▸ Description of the task: Could the lines from the line bearing "Ice_Zodiac_Ant" to the end of the records below be copied exactly, with the pictures left out and no other lines added?
[[ Supplied material, beginning ]]
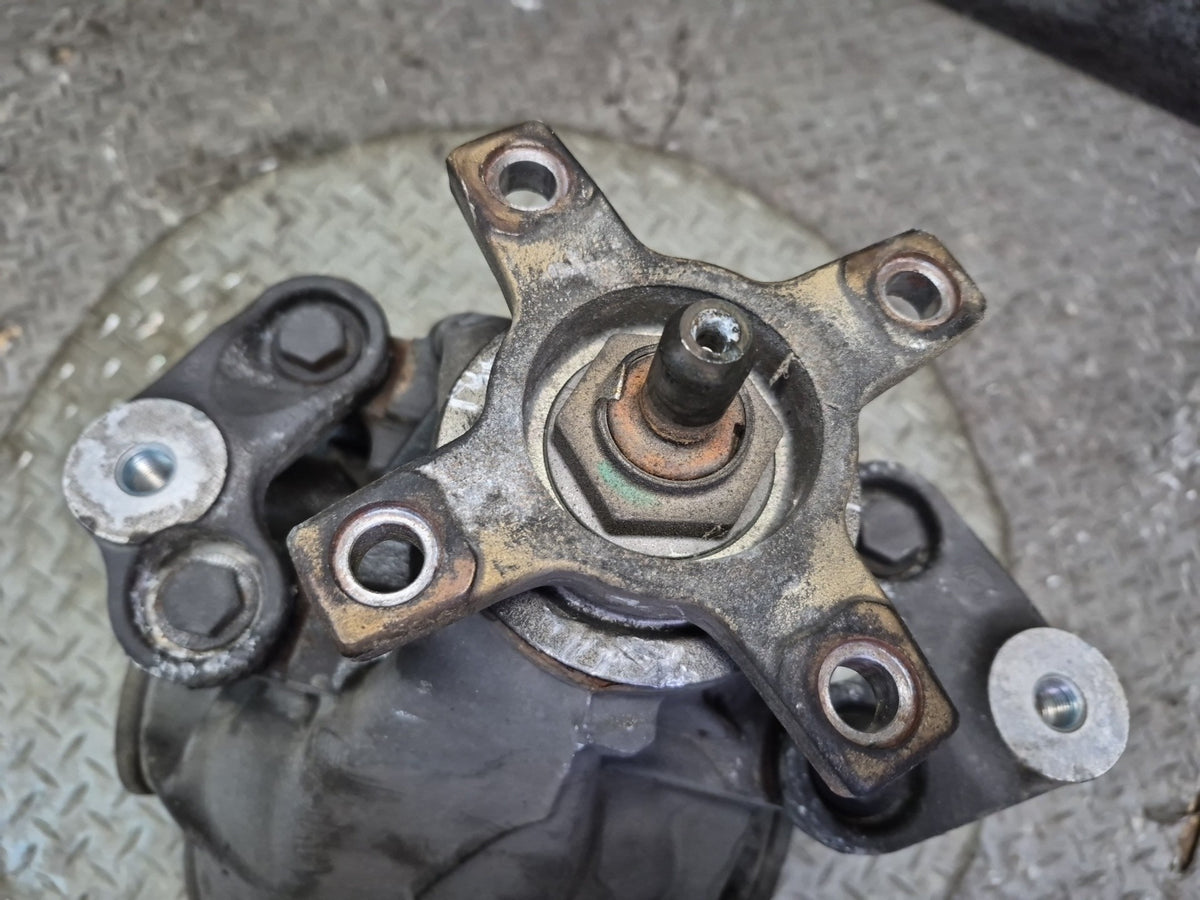 08-09 Mercedes W221 S63 AMG Rear Differential Carrier 3.06 Ratio 2213505404 OEM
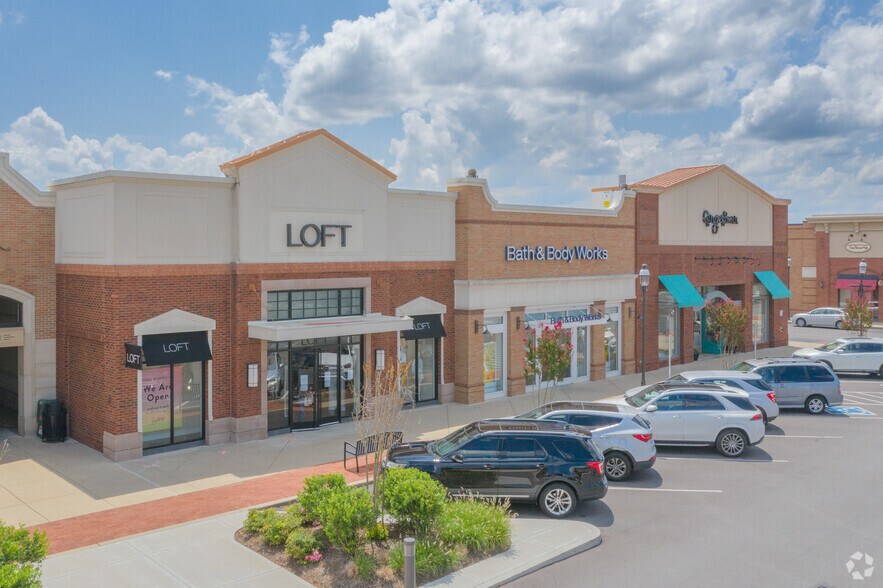 More Photos Of 300 Indian Lake Blvd, Hendersonville Unknown For Lease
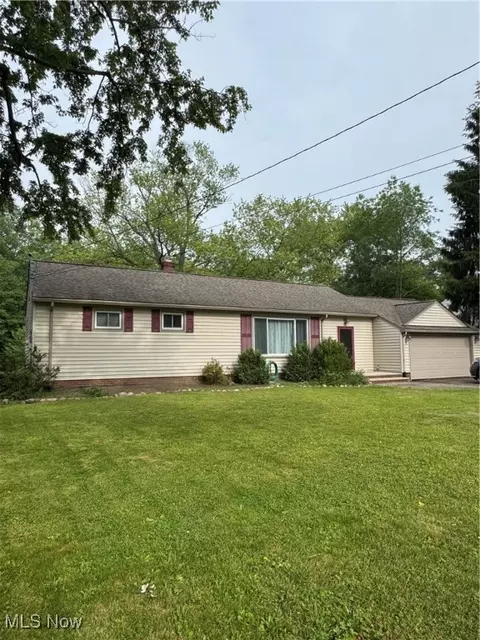 4097 Root Rd, North Olmsted, OH 44070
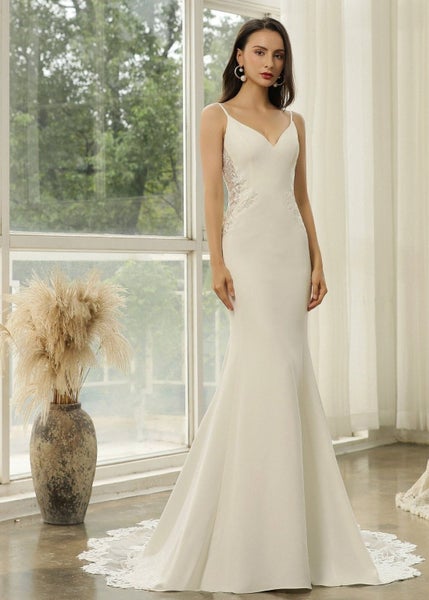 Jara Ivory Fit and Flare Wedding Gown with Train Size 10 Carousel 1
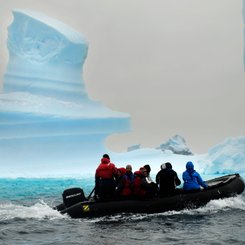 Ice_Zodiac_Antarctica_©_Lopez_Tapia_Antarpply_Expeditions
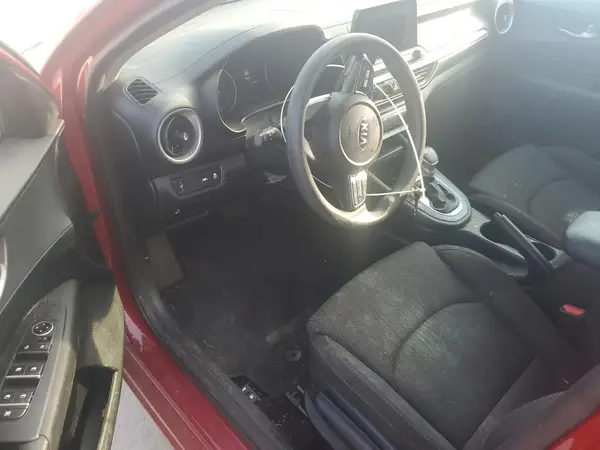 3KPF24AD2KE120339 2019 KIA FORTE - Image 8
[[ Supplied material, end ]]
▸ Exercise solution:
 Ice_Zodiac_Antarctica_©_Lopez_Tapia_Antarpply_Expeditions
 3KPF24AD2KE120339 2019 KIA FORTE - Image 8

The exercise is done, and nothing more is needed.